★ A propos du camp de concentration franquiste d’Albatera (1939)
" Le camp de concentration franquiste d’Albatera (Alicante) fut l’un des plus cruels et inhumains qui aient existé en Espagne après la fin de la guerre civile, au point que certains l’ont baptisé l’« Auschwitz espagnol ». Les conditions de vie dans le camp, qui a fonctionné d’avril à octobre 1939, étaient très dures. Les prisonniers ne recevaient que des miettes de pain et des sardines. La soif dont les prisonniers souffrirent, à cause du manque d’eau et de l’énorme chaleur qui régnait sur place, était épouvantable. Il y eut des tortures, toutes sortes d’humiliations ainsi que des exécutions. Les prisonniers disposaient chacun d’un numéro, de sorte que si l’un d’eux s’échappait ceux qui portaient le numéro précédent et le suivant étaient abattus.
« Franco a envoyé plus de 22 000 personnes dans le camp de concentration d’Albatera, et beaucoup y sont mortes déshydratées », explique le professeur et écrivain Isabel María Abellán Cartagena, qui enquête depuis plusieurs années sur ce qui s’est passé dans ce lieu où seules les chambres à gaz manquaient pour qu’il corresponde à un camp d’extermination nazi. En se fondant sur l’histoire d’Isidro, un républicain anarchiste qui a souffert et survécu à l’enfer et avec qui l’écrivain a eu de longues conversations après l’avoir rencontré en 2009, Abellán vient de publier le roman Isidro. Récit du camp de concentration d’Albatera.
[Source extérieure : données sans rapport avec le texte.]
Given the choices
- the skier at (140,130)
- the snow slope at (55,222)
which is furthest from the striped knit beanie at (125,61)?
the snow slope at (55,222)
Isabel María Abellán, professeur d’histoire à l’Université, explique que « dans cette saline d’Albatera, le gouvernement de la IIe République a construit un camp de travail pour les prisonniers de droit commun, où il n’y avait jamais eu plus de 700 personnes, alors que sa capacité était supérieure à 2000, et après la guerre civile Franco y a organisé un camp de concentration. Je me suis intéressée au sujet d’une manière imprévue, en enquêtant sur la IIe République dans la communauté valencienne, à la recherche de lettres de personnes qui s’étaient regroupées dans le port d’Alicante pendant les derniers jours de la guerre civile ».
Il ne fut pas facile pour l’enseignante de faire des recherches sur ce camp de concentration, sachant qu’après sa fermeture « l’endroit a été déclaré zone dévastée et que les machines ont tout rasé pour ne laisser aucune trace. Puis une agglomération artificielle a été créée (San Isidro), qui a été peuplée par des gens venus d’Aragon et du nord de l’Espagne. La première maison a été livrée en 1956. Il est impossible d’obtenir beaucoup de données parce qu’on a pris grand soin de ne pas laisser de traces, fait en sorte que tout disparaisse, mais les gens de la région connaissaient l’histoire. San Isidro a commencé par être un hameau dépendant de la ville d’Albatera, mais est devenu maintenant une municipalité indépendante ».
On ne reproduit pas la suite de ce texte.